Big Data doesn’t care
I’m halfway through my TechEd experience and I wanted to share a few thoughts about how it’s going so far.
The guest keynote speaker was Nate Silver. He is renowned for correctly predicting the 2012 Presidential Election results for all 50 States. He spoke about practical analysis of Big Data. We often come to an analysis from a pre-defined position. We “know” what the data is going to show us. And the results are generally biased towards our beliefs. And when the actual outcomes don’t match the predictions from our analysis; we blame the data.
In reality, our analysis techniques are flawed by our assumptions. As a technical consultant I’ve learned over the years to “listen” to what the computer is trying to tell me. I’ve done many performance analysis engagements. Invariably, the customer will tell me what they think the performance problem is and they just need me to confirm. But, in many cases, once I’ve compiled and analyzed the statistics, the performance issue(s) is something entirely different. Sometimes I’m met with skepticism at my initial findings. But once I explain the reasoning and logic behind it; determined by the data, not the other way around, they become accepting of the findings.
To put it another way; the data doesn’t care. It doesn’t care about the results of our analytical processes. It doesn’t care what we predict will be the outcome based on our understanding. It just keeps being generated. It’s up to us to learn how to listen to what it’s trying to tell us. It was related during the Q&A session following Nate’s speech that we are measuring data in zetabytes. To give context, stacking dollar bills from the Earth to Pluto 18,000 times approximates a zetabyte. That’s really Big Data! And it doesn’t care what we think, it just keeps growing.

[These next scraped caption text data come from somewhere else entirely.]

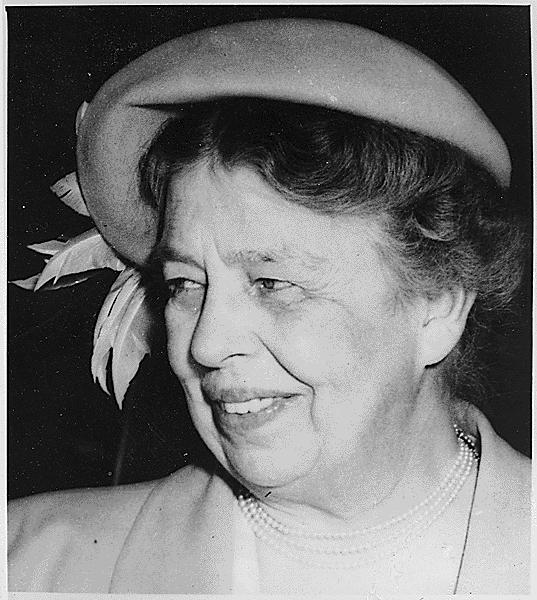 Eleanor Roosevelt Vocal wife of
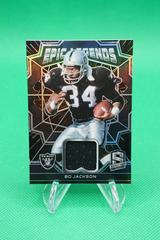 Bo Jackson [Hyper] Football Cards 2022 Panini Spectra Epic Legends Materials Prices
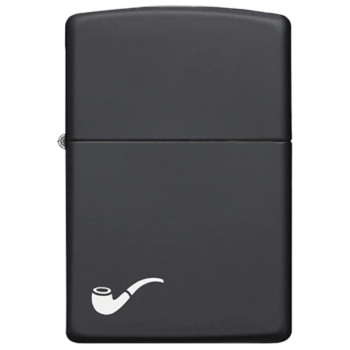 Zippo Black Matte Pipe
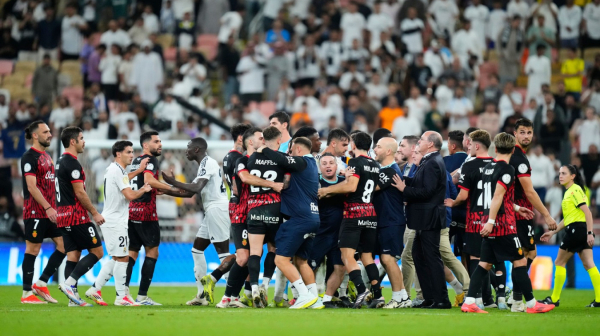 Real nokautirao Majorku, Vinisijus zamalo da izazove opštu tuču: Mafeo mu pretio VIDEO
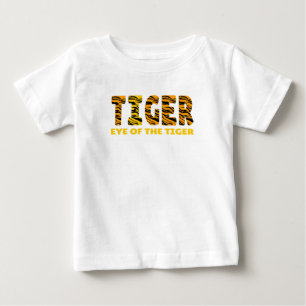 Auge des Tigers Baby T-shirt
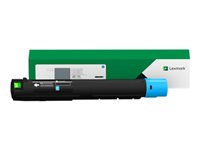 Lexmark - Cyan - original - tonerpatron - for Lexmark XC9325, XC9335 24B7519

Nate encouraged all of us to become Data Scientists. We need to learn how to spot patterns and trends in the data that we can turn into actions. Within the volume of data, there will be false signals. With Big Data, there will be many false signals. We need the tools and the expertise to become more skilled at analysis as Big Data continues to grow.
One of the issues facing us today in analyzing Big Data is the speed at which is degrades. The older data becomes the less relevant it is to our results set and the more it becomes “noise”. We need to be able to analyze the data faster.
I’m looking forward to the sessions I’ve selected to see how to become a better Data Scientist. I’m also interested in hearing your thoughts.